The factual background of Carreras v United First Partners Research

Mr Carreras was a ‘high-flying’ analyst for United First Partners Research (“UFPR”) from 1 October 2011 to the date of his resignation on 14 February 2014. From the start of his employment Mr Carreras worked long hours and was considered to be good at what he did. From the start of his employment it was normal for Mr Carreras to work 12-13 hour days.

On 22 July 2012 Mr Carreras was hit by a car whilst riding his bicycle and suffered severe physical injuries. Despite this, he returned to work within a few weeks. UFPR was aware that Mr Carreras continued to suffer from physical symptoms of his injuries, including dizziness, fatigue, and headaches, and that he had found it difficult to concentrate and focus, particularly in the evenings. After his accident Mr Carreras initially worked no more than eight hours a day for the first six months; after this six month period he started to work approximately 10 hours a day until the start of 2013.

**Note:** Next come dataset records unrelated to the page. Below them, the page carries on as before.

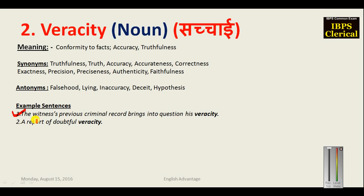Example sentences for veracity: 'The witness's previous criminal record brings into question his veracity — his veracity may be doubtful.' Another: 'A report of doubtful veracity' means the report is not real or genuine — it may be fake. So veracity means truthfulness, accuracy, or something that conforms to facts.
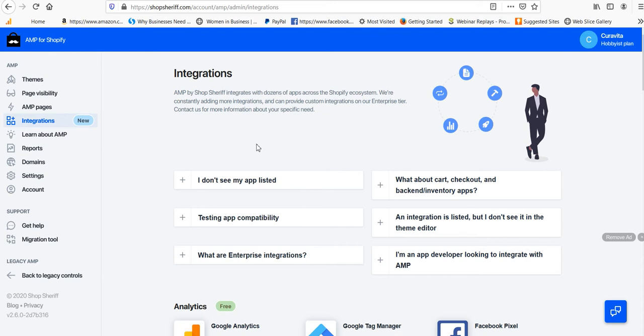Now, as I mentioned, one of our favorite apps for Shopify, and certainly for organic optimization of Shopify, is AMP for Shopify by Shop Sheriff.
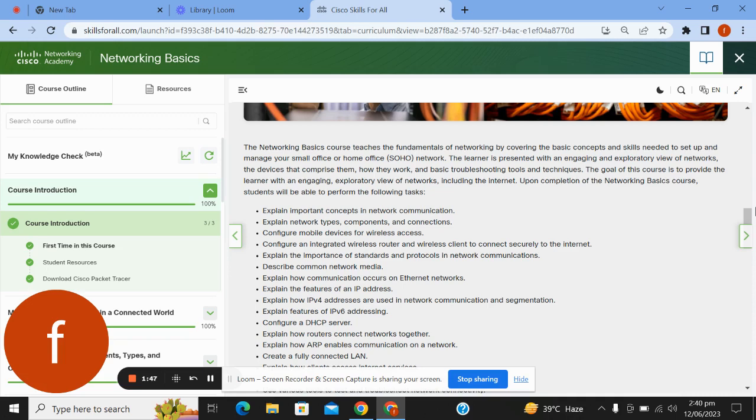Upon completion of the Networking Basics course, the student will be able to perform the following tasks:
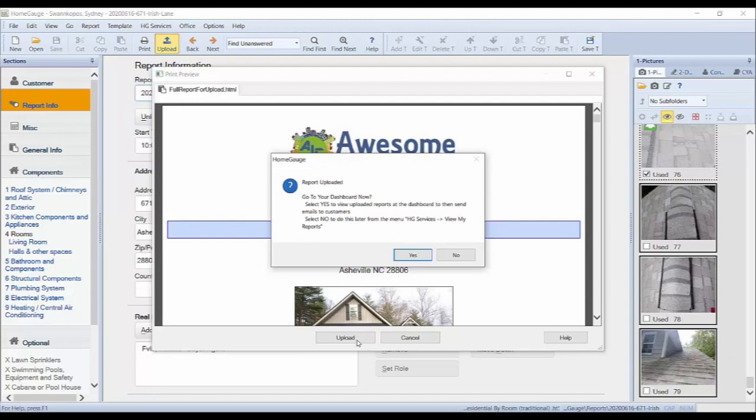You will receive a notification that your report has been successfully uploaded. In this window, you may also choose to open your dashboard or continue in the software.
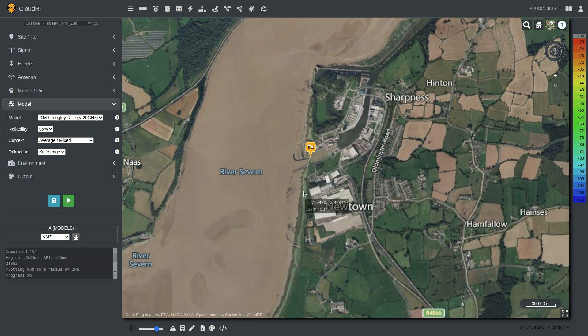In this tutorial we will explore propagation models, how to pick the right one, and how to use and tune them, because tuning is essential to create accurate modeling. Out of the box they might be 50% accurate, but with tuning you can get them very accurate — to within 3 decibels potentially.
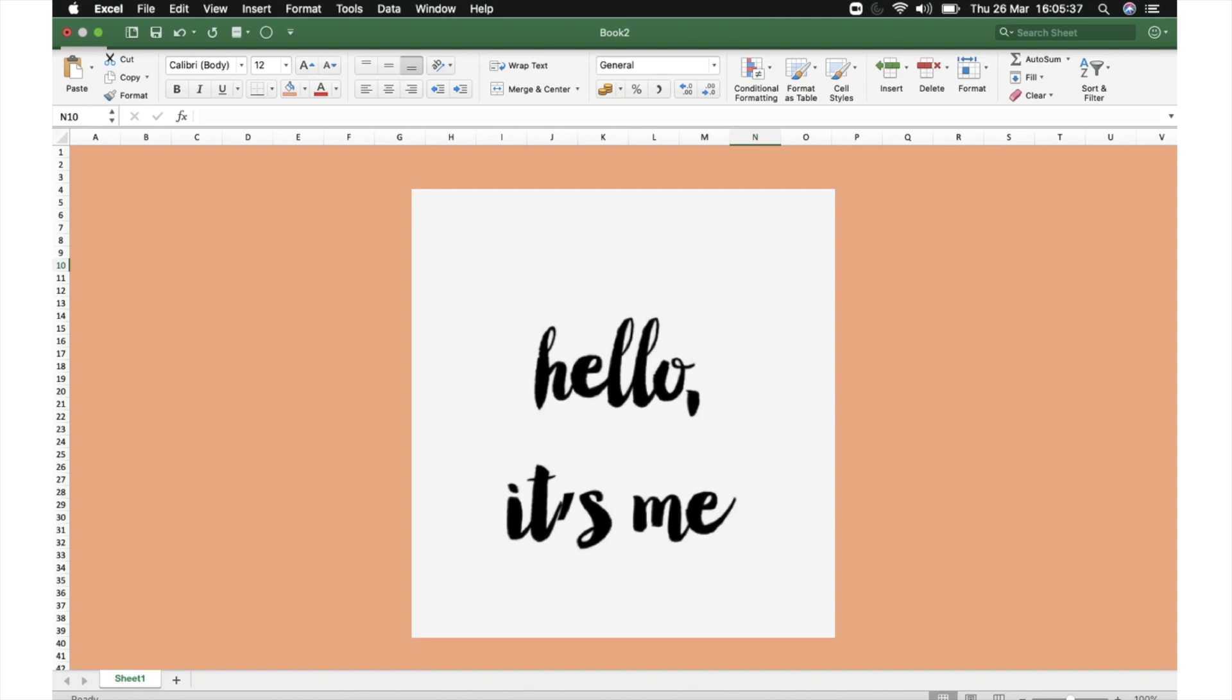Hello, this is Akanksha. Welcome to my channel V2Excel. Here I am again with new hot pick, new trick. Let's start.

Mr Carreras felt that from the start of 2013 UFPR started to put pressure on him again to work later evenings (in order to cover the US markets) and that he was being forced to work “unsuitable hours”. Mr Carreras did not complain at this point that he was being asked to work late one or two nights a week and UFPR appear to have assumed that, on this basis, he was in fact willing to work late or two nights a week; Mr Carreras’ perspective was that he worked late nights without complaining as he was worried about being made redundant or not receiving his bonus.

A number of incidents also occurred in 2013 and 2014 which led to a breakdown in the working relationship between Mr Carreras and UFPR, including:

  • That UFPR failed to pay Mr Carreras’ first 2013 bonus instalment payment on time in 2013 (being received two weeks late) and failed to pay him the 2013 bonus instalment due in April 2014, due to the termination of Mr Carreras’ employment
  • That UFPR had given misleading answers to Mr Carreras’ solicitors with regards to questions asked that were relevant to his personal injury claim
  • That on 14 February 2014 there was a heated exchange between Mr Carreras and Mr Mardel, an owner of UFPR, and that Mr Mardel raised his voice to Mr Carreras; reprimanded Mr Carreras in front of other colleagues; told Mr Carreras to apologise to his colleagues; and told Mr Carreras to leave if he did not like Mr Mardel’s behaviour

Mr Carreras verbally informed Human Resources at UFPR on 14 February 2014 that he was resigning with immediate effect, and then wrote to UFPR on 18 February 2014 to give detailed reasons as to why he had resigned (including the bonus issue, the failure to answer the questions, accurately, and the argument with Mr Mardel).

Mr Carreras subsequently brought against UFPR claims for constructive dismissal and failure to make reasonable adjustments for his disability.

The Employment Tribunal’s decision

The Employment Tribunal rejected Mr Carreras’ claims for the following reasons:

  • Failure to make reasonable adjustments for his disability: the Tribunal considered that Mr Carreras had not succeeded in showing that a relevant ‘PCP’ had placed him at a disadvantage – Mr Carreras had argued that the ‘expectation’ that he would be able to work late evenings was a ‘requirement’ (or a practice); the Tribunal found that Mr Carreras had not succeeded with showing that there was any ‘requirement’ that he would work late evenings, only that there was an ‘expectation’ or ‘assumption’ that he would do so
  • Constructive dismissal: the Tribunal found that Mr Carreras had not succeeded in showing that his resignation was because of the failure to pay him his bonus payments, the inaccurately-answered questions, or the argument with Mr Mardel.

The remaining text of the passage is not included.